Atomic mass is the sum of the masses of all protons, neutrons and electrons that make up an atom or molecule. Compared to protons and neutrons, the mass of electrons is very small, so it is not taken into account in calculations. Although this is not formally correct, the term is often used to refer to the average atomic mass of all isotopes of an element. This is actually relative atomic mass, also called atomic weight element. Atomic weight is the average of the atomic masses of all isotopes of an element found in nature. Chemists must differentiate between these two types of atomic mass when doing their work—an incorrect atomic mass value can, for example, result in an incorrect result for the yield of a reaction.

Steps

Finding atomic mass from the periodic table of elements

Learn how atomic mass is written. Atomic mass, that is, the mass of a given atom or molecule, can be expressed in standard SI units - grams, kilograms, and so on. However, because atomic masses expressed in these units are extremely small, they are often written in unified atomic mass units, or amu for short. – atomic mass units. One atomic mass unit is equal to 1/12 the mass of the standard isotope carbon-12.

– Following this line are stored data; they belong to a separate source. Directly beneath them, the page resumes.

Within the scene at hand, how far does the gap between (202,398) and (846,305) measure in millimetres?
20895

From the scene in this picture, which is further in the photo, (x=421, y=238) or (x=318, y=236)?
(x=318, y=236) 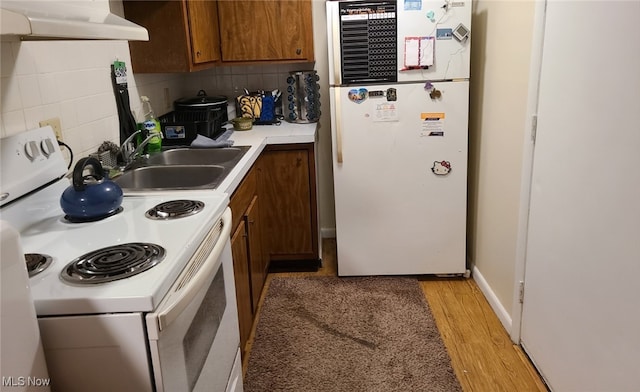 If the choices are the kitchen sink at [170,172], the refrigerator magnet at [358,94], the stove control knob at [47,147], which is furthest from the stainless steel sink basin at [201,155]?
the stove control knob at [47,147]

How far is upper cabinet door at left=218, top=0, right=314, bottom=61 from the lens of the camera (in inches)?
119

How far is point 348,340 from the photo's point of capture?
2.45 m

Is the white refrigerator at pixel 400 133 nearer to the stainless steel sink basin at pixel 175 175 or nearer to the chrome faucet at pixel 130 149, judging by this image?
the stainless steel sink basin at pixel 175 175

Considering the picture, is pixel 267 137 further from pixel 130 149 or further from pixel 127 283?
pixel 127 283

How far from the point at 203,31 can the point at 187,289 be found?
2021 mm

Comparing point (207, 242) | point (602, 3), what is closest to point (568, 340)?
point (602, 3)

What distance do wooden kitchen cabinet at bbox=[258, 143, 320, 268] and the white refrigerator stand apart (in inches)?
7.9

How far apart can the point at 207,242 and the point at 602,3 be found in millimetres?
1392

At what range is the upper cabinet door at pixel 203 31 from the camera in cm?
263

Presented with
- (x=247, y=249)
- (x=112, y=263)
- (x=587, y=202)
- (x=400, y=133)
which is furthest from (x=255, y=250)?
(x=587, y=202)

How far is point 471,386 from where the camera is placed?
2.09 meters

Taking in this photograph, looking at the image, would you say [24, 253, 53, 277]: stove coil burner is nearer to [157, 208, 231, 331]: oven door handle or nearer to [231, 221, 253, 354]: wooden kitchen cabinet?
[157, 208, 231, 331]: oven door handle

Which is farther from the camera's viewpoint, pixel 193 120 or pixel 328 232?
pixel 328 232

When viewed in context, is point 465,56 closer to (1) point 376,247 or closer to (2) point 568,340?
(1) point 376,247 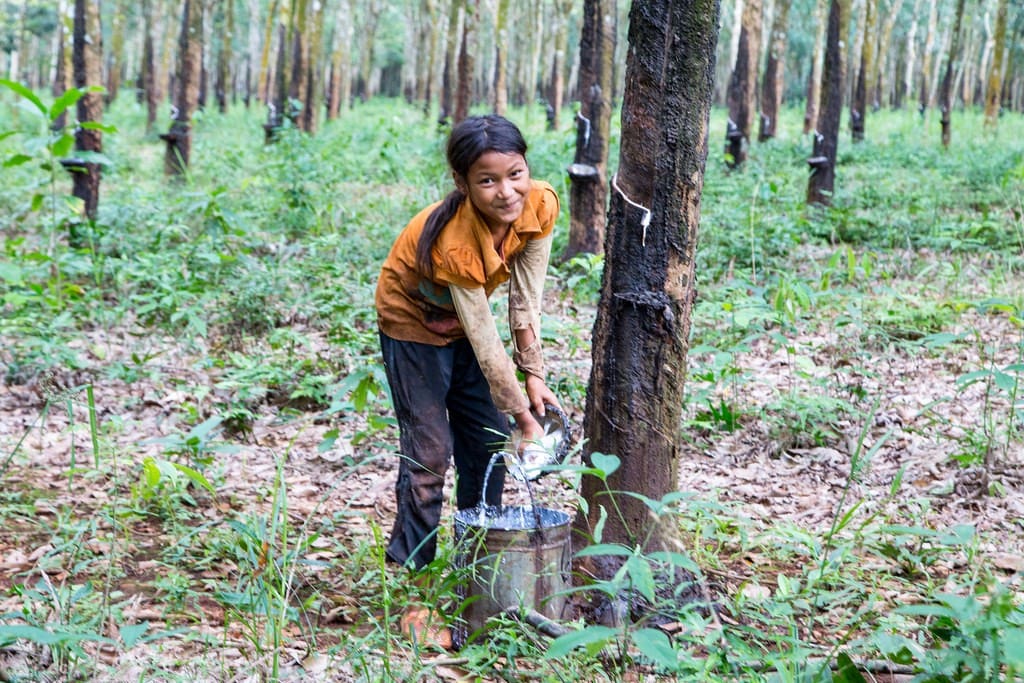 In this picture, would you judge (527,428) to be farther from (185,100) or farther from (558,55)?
(558,55)

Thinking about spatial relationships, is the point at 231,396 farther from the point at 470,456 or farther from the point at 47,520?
the point at 470,456

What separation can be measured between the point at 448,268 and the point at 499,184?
285mm

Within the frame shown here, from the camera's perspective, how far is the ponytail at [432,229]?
285 cm

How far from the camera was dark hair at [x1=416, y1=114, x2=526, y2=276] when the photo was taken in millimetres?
2709

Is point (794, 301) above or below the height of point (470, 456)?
above

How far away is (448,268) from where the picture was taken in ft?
9.17

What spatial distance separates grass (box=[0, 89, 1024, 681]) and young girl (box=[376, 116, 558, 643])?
0.41m

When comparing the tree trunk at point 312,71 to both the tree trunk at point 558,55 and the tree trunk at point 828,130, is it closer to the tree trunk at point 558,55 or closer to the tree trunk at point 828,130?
the tree trunk at point 558,55

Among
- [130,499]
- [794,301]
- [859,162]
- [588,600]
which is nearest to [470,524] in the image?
[588,600]

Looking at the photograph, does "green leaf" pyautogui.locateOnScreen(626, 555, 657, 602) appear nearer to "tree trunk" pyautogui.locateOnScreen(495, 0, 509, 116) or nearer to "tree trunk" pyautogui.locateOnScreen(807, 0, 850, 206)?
"tree trunk" pyautogui.locateOnScreen(807, 0, 850, 206)

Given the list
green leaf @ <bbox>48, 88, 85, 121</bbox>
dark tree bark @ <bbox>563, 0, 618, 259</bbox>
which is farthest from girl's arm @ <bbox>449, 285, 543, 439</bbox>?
dark tree bark @ <bbox>563, 0, 618, 259</bbox>

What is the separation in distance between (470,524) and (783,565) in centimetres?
128

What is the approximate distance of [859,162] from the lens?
14180 mm

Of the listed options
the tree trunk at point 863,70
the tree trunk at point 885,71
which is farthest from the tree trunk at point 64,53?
the tree trunk at point 885,71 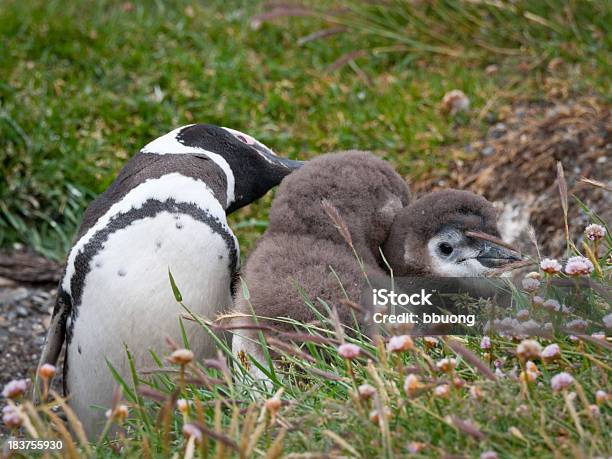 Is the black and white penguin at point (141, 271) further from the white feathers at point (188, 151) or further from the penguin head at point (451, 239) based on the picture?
the penguin head at point (451, 239)

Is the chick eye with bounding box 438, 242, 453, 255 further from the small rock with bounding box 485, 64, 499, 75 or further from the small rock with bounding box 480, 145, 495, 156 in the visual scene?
the small rock with bounding box 485, 64, 499, 75

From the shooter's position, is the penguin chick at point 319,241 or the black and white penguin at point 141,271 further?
the black and white penguin at point 141,271

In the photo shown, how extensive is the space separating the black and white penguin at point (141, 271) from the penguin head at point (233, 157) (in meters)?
0.07

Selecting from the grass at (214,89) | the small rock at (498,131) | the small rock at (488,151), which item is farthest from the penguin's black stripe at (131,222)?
the small rock at (498,131)

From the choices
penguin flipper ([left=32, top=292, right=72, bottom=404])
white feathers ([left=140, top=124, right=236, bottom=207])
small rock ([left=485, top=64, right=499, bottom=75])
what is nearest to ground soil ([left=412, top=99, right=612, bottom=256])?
small rock ([left=485, top=64, right=499, bottom=75])

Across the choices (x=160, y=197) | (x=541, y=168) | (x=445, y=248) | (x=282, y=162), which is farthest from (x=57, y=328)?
(x=541, y=168)

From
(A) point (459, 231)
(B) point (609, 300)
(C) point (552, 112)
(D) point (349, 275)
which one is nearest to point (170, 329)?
(D) point (349, 275)

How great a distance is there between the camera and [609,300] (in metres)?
2.21

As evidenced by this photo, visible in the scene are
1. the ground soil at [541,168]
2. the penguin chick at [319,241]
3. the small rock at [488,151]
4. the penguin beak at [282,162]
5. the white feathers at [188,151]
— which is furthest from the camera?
the small rock at [488,151]

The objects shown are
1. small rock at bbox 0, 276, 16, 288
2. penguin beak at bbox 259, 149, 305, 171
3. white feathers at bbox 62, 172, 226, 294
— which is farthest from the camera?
small rock at bbox 0, 276, 16, 288

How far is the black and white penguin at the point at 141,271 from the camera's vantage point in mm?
2975

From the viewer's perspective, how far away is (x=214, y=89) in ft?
18.6

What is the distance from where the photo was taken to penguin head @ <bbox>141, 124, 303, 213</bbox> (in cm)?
340

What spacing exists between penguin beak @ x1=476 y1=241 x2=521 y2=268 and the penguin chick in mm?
325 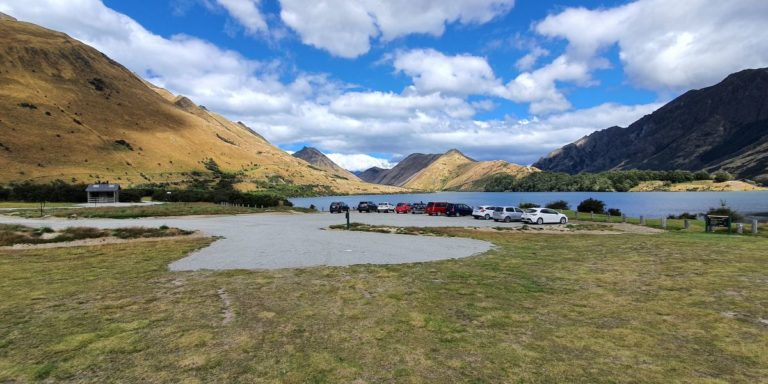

• The atomic mass unit characterizes the mass one mole of a given element in grams. This value is very useful in practical calculations, since it can be used to easily convert the mass of a given number of atoms or molecules of a given substance into moles, and vice versa.

1. Find the atomic mass in the periodic table. Most standard periodic tables contain the atomic masses (atomic weights) of each element. Typically, they are listed as a number at the bottom of the element cell, below the letters representing the chemical element. Usually this is not a whole number, but a decimal fraction.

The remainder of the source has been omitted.